Briefly

Washington, D.C.

Ex-Bush adviser named to Islamic relations post

Declaring the United States “must do better job of engaging the Muslim world,” Secretary of State Condoleezza Rice introduced former presidential adviser Karen Hughes Monday as the Bush administration’s choice for a State Department post designed to change Islamic perceptions about America.

Hughes, pending confirmation by the Senate, would become undersecretary of state for public diplomacy with the rank of ambassador.

Hughes, who for years has had a major voice in crafting Bush’s domestic message, is a former counselor to the president who left the White House in 2002 to move her family back to Texas.

Although not a diplomat by training, Hughes had a hand in several foreign policy initiatives during Bush’s first term, including efforts to promote democracy and improve the lives of women and children in Afghanistan.

Baltimore

Former NAACP leader to run for U.S. Senate

Kweisi Mfume, a former five-term congressman who recently stepped down as president of the NAACP, announced Monday that he will run for the U.S. Senate next year in Maryland.

In announcing his candidacy, the Baltimore native and former radio talk show host declared in a booming voice: “I can’t be bought. I won’t be intimidated, and I don’t know how to quit.”

Mfume, 56, had made no secret that his sights were set on a Senate seat, but he did not formally announce his candidacy until retiring five-term Sen. Paul Sarbanes disclosed last week that he would not seek re-election.

Washington, D.C.

Student pleads innocent to plot against Bush

An American student charged in an alleged conspiracy to kill President Bush pleaded innocent Monday, and a judge set his trial for August.

The government says Ahmed Omar Abu Ali, 23, of Falls Church, Va., confessed to the assassination plot and admitted that he had discussed with al-Qaida plans to conduct a Sept. 11-style terror attack in the United States. Abu Ali’s family and lawyers deny the charges and say he was tortured while being held captive in Saudi Arabia for 20 months.
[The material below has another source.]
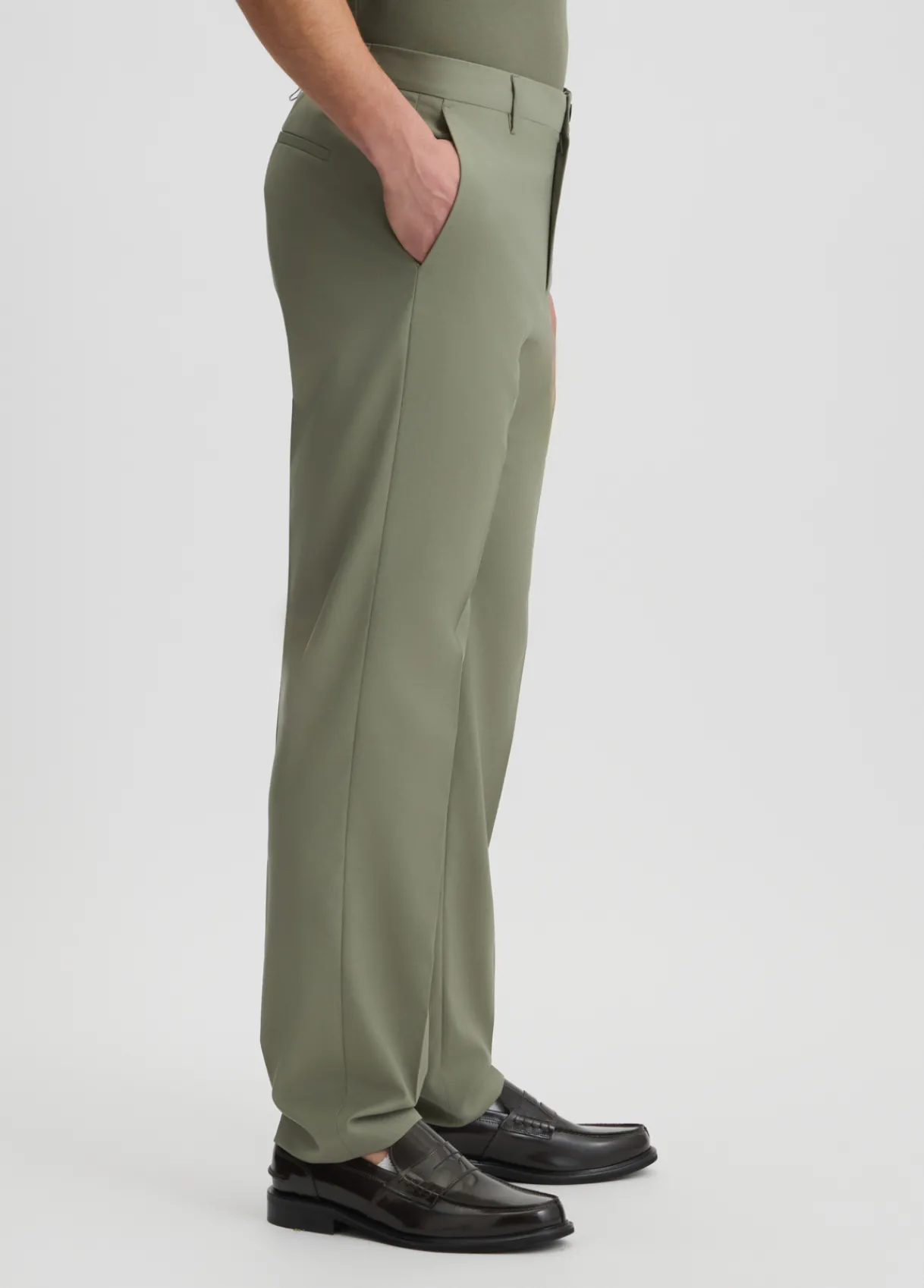 Liu Jo Pantalon chino coupe régulière|Homme Pantalons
Abu Ali is charged with providing material support to al-Qaida, contributing services to the terrorist network and receiving funds from it, along with conspiracy. The six-count indictment, unsealed Feb. 22, says he sought to become “a planner of terrorist operations.”

Washington, D.C.

Arrests thin ranks of violent gang

The Department of Homeland Security said Monday that 103 members of a violent Hispanic youth gang had been arrested nationwide in recent weeks as local law enforcement officials used immigration violations to take dangerous gang members off the streets.

The arrests took place in New York; Newark, N.J.; Miami; Los Angeles; Washington, D.C.; and Baltimore. Those cities are participating in “Operation Community Shield,” a program for local and federal law enforcement agencies to pool resources to pursue Mara Salvatrucha — one of the nation’s most vicious youth gangs.

Mara Salvatrucha, widely known as MS-13, has been linked to human smuggling, drug trafficking, arms smuggling, inter-gang violence and murder.

California

Scott Peterson lawyers seeking new trial

Scott Peterson’s attorneys have filed a motion seeking a new trial, claiming evidence allegedly withheld by the prosecution could have resulted in a different verdict.

The motion was filed Feb. 25 in Redwood City and made public Monday.

The jury convicted Peterson on Nov. 12 of two counts of murder in the deaths of his pregnant wife, Laci, and her fetus, and recommended the death penalty a month later. Formal sentencing is set for Wednesday.

Defense lawyer Mark Geragos claims he was only made aware of the tip — a state prison inmate claimed Laci Peterson had interrupted a burglary at a neighbor’s home in Modesto — six weeks before the trial’s end, and did not have sufficient time to investigate it.

Prosecutors countered that the tip was received in January 2003 and provided to defense attorneys four months later, a year before the start of the trial. They suggest Geragos simply missed the details in his haste to take the case to trial.